### Problem requirements
Transcribe the listing exactly, so that nothing but the pictures is missing.

### Data provided

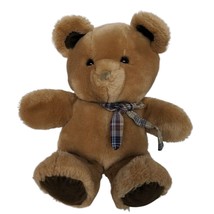 Vintage 1982 Dakin Brown Teddy Bear Plush Plaid Bow Stuffed Animal 14” - £22.15 GBP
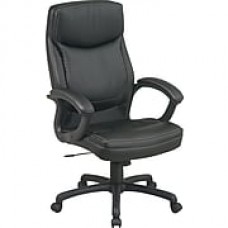 Office Star™ Leather Executive Office Chair, Black w/ 2-Tone Stitching, Fixed Arm (EC6582-EC3)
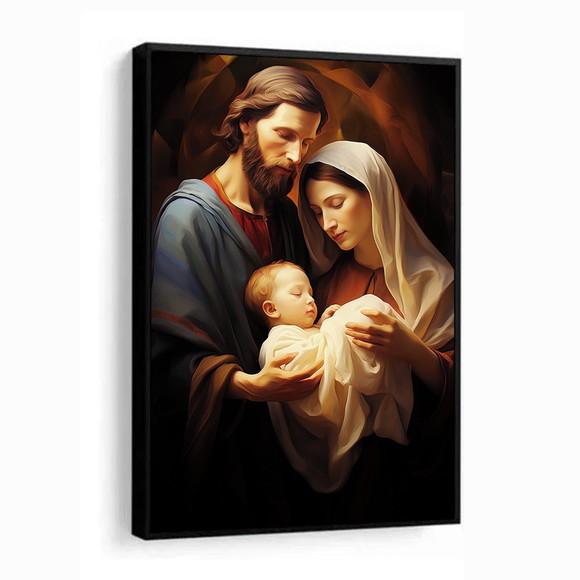 Quadro Decorativo Jesus Maria e Josè Sala Hall Luxo Moldura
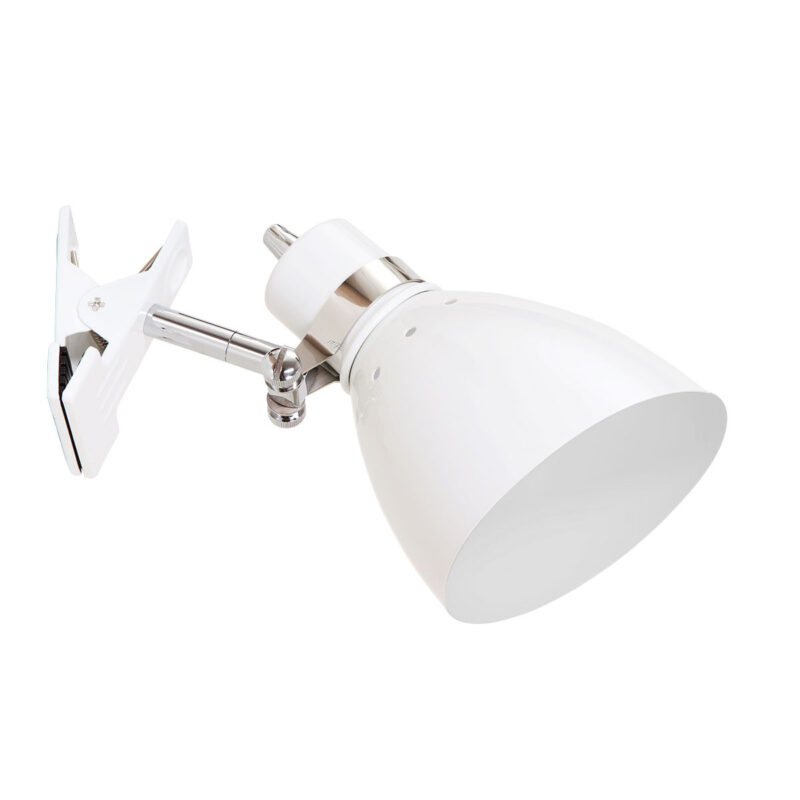 Knijpspot Spring 6827W Wit met snoer schakelaar en E27 fitting - Afbeelding 2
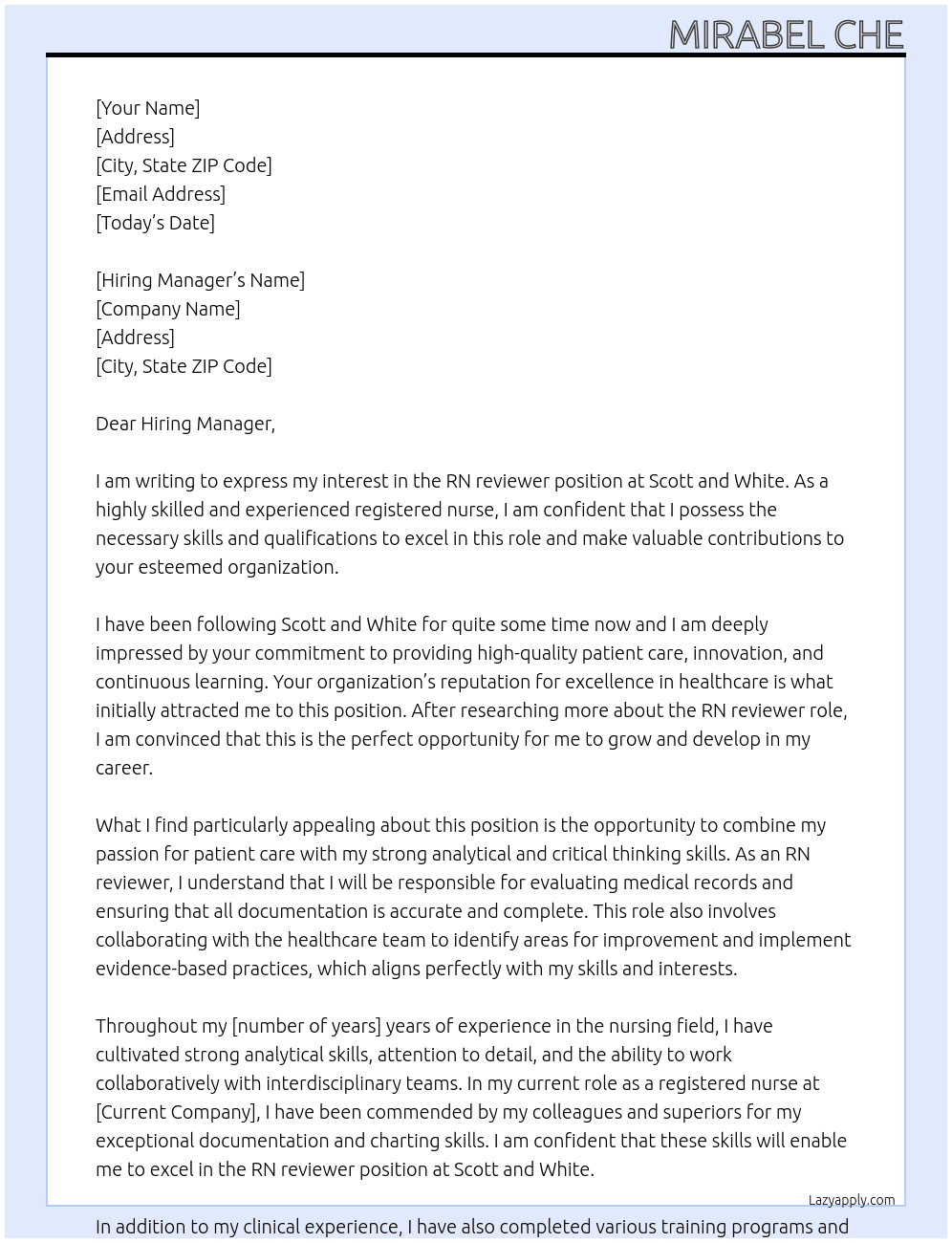 RN reviewer At Scott and white Cover Letter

### Reply
 Vintage 1982 Dakin Brown Teddy Bear Plush Plaid Bow Stuffed Animal 14” - £22.15 GBP
 Office Star™ Leather Executive Office Chair, Black w/ 2-Tone Stitching, Fixed Arm (EC6582-EC3)
 Quadro Decorativo Jesus Maria e Josè Sala Hall Luxo Moldura
 Knijpspot Spring 6827W Wit met snoer schakelaar en E27 fitting - Afbeelding 2
 RN reviewer At Scott and white Cover Letter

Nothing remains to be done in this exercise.